- **What the task requires**
Exact copies of the line with "Presentation with boy" and of all lines after it through the end of the entries are required, and no other lines.

- **Listed records**
= Beginning of Section =

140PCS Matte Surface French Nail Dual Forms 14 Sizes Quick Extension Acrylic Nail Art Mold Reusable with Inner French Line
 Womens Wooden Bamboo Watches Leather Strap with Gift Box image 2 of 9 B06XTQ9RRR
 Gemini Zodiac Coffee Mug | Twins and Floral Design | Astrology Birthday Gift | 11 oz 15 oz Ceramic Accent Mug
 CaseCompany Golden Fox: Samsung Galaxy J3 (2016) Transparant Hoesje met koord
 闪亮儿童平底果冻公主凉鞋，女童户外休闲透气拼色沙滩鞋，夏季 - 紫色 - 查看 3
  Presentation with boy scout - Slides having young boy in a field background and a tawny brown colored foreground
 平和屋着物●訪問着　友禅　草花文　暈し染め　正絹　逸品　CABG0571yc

= End of Section =

- **Solution to the exercise**
  Presentation with boy scout - Slides having young boy in a field background and a tawny brown colored foreground
 平和屋着物●訪問着　友禅　草花文　暈し染め　正絹　逸品　CABG0571yc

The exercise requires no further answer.